In the quest to define and advance ”scientific literacy,” SEED Magazine has hosted an essay contest for the best answer to the question: ”What does it mean to be scientifically literate in the 21st Century?” Both the first and second place winners are worth a read. Both have relevance for leaders in the arts.
In the winning essay, Thomas Martin untangles the confusion between facts and process. Says he:
We frequently hear the refrain that if our nation simply raised the level of science courses, taught our children more subjects, and/or gave them more hands-on lab work, we could ensure the production of a citizenry capable of understanding an increasingly complex world. They would then be prepared to make the difficult choices of the 21st century, etc.
But Martin, who teaches science and science history at an honors college, routinely engages students with impressive factual knowledge of both science and history, who nonetheless refuse to challenge their own foundational beliefs. To him, therefore, it’s the process of scientific discovery that defines scientific literacy. The foundation of science education, he says, should involve direct student experience in the challenge and clarity of exposing theories to peer review and opposing evidence. Says he, again:
In an era in which we tremble at offending the sensibilities of our neighbors, students must comprehend that it is not only possible but absolutely vital that we criticize each other’s ideas firmly yet civilly. They must do this despite clear cases of prominent scientists falling into petty, acerbic (and therefore counterproductive) exchanges. The responsibility for fostering scientific literacy of this sort–that is, literacy construed as an ongoing commitment to evidence over preconception–falls upon all of us in our discussions both formal and informal, both public and private. When scientific celebrities fail to set a good example for students, it is especially incumbent upon the rest of us to set them back on the proverbial right track, rather than to reflexively hasten their derailment.

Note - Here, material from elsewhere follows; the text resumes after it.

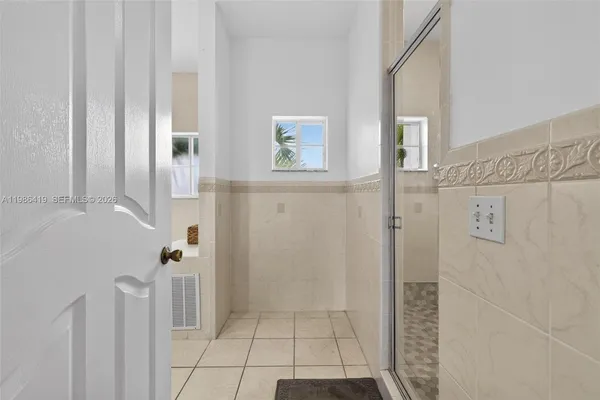 $3,999 | 15874 Southwest 138th Terrace, Unit 2, Miami, FL 33196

I’d suggest that the same debate is vital to the purpose and goals of cultural literacy — also known as ”arts education.” As we ”ask for more” arts education in our public schools, we should also clarify ”more of what?” More factual study of cultural history? More structural knowledge of traditional art forms? More expressive opportunities for students to make art together and on their own? We can certainly ask for more of ”all of the above,” but even then a vision for what ”cultural literacy” looks like would help define our choice.

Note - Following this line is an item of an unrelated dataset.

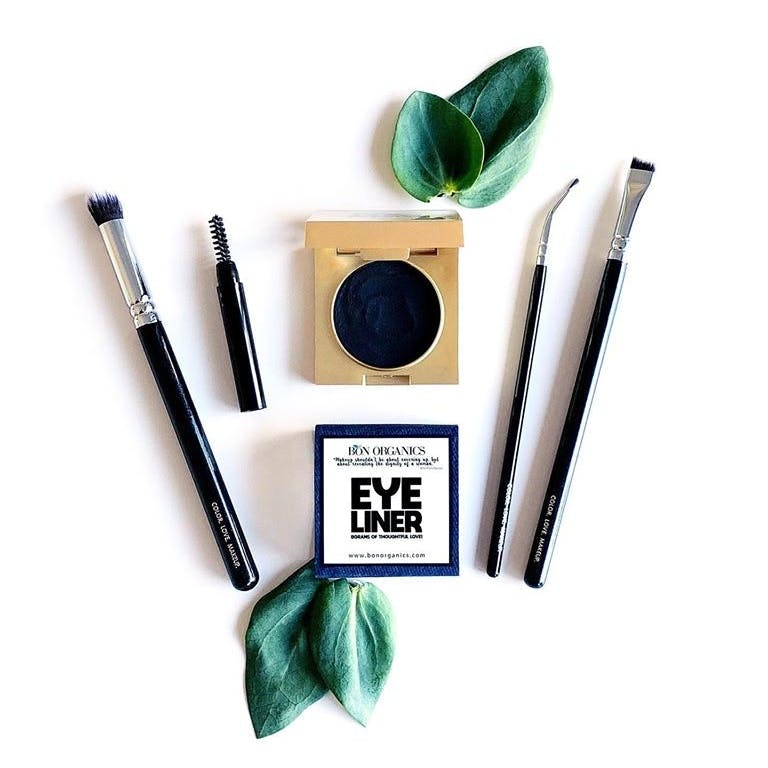 Green,Eye liner,Eye,Cosmetics,Writing implement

Perhaps an essay contest on a similar topic might advance the conversation: ”What does it mean to be culturally literate in the 21st Century?”
Rebecca Borden says
As a former high school chemistry teacher and as someone who works in the arts, I find it fascinating that other people have issues with the dichotomy but to me these are two poles of the same continuum. I am currently teaching a course at the Corcoran on “Art & Science” and the trust of the class is to understand the different modes of inquiry, habits of mind, if you will, that the arts and the science engender. My goal is to help the students understand, not that one is better than the other, but that each comes with a different set of assumptions about truth, knowledge, experience.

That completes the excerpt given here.